Here, the coefficients of `X^0, X, X^2, and X^3` are `0, 47.747619049162914, -1.114642857173089, and 0.008416666666860806` respectively. Similarly, the intercept is `-549.2285714542302`.

If we plot the predicted values and the actual values of the data, the output graph looks as shown in the following example.

Here, the blue line shows the polynomial predicted by the implemented polynomial regression equation. The red points are the original data points.

Hence, you can observe that we have successfully implemented polynomial regression in Python using the `LinearRegression()` and `PolynomialFeatures()` function in the sklearn module in Python.

The main advantage of polynomial regression is that we can use it in place of linear regression if the data is not linear. In other words, we can model analyze non-linear datasets, and predict relationships between variables.
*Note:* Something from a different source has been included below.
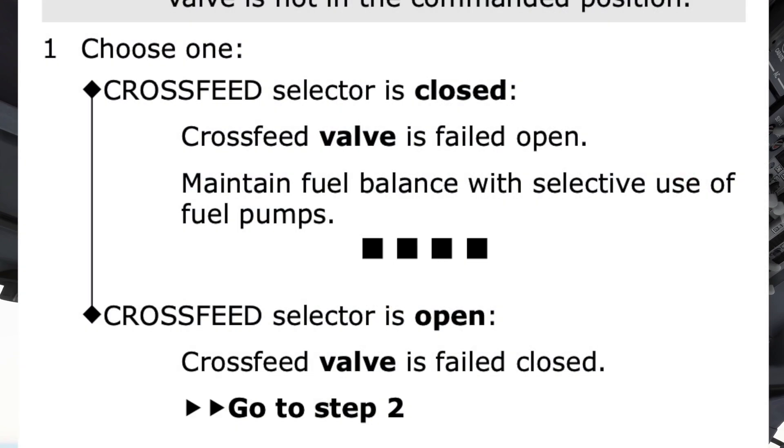Choose 1: Cross-feed selector is closed, cross-feed valve is failed open — maintain fuel balance with selective use of fuel pumps. Or cross-feed selector is open, cross-feed valve is failed closed. The cross-feed selector is closed, so we are choosing Option 1: cross-feed valve is failed open — maintain fuel balance with selective use of fuel pumps.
Additionally, you can control over-fitting and under-fitting in the machine learning model by increasing or decreasing the degree of the polynomial.

The major disadvantages of polynomial regression include the following.

Polynomial regression is extremely sensitive to outliers. Therefore, even a single outlier affects the model significantly producing inaccurate results. Therefore, you should make sure to remove all the outliers while data cleaning

Increasing the degree of polynomial regression causes over-fitting. So, to avoid over-fitting, we need to perform the hit and trial method to find the best degree for the polynomial. This might frustrate you a bit.

## Conclusion

In this article, we have discussed polynomial regression and its implementation using the sklearn module in Python. Polynomial regression is used in many applications such as tissue growth rate prediction, death rate prediction, speed regulation software, etc.

As you can observe from the implementation, polynomial regression is just a modification of linear regression where we use a feature matrix of powers of the independent variables instead of just the variables to train the machine learning model. However, it enables us to analyze non-linear datasets that can never be analyzed correctly using a simple linear regression model or multiple regression analysis models.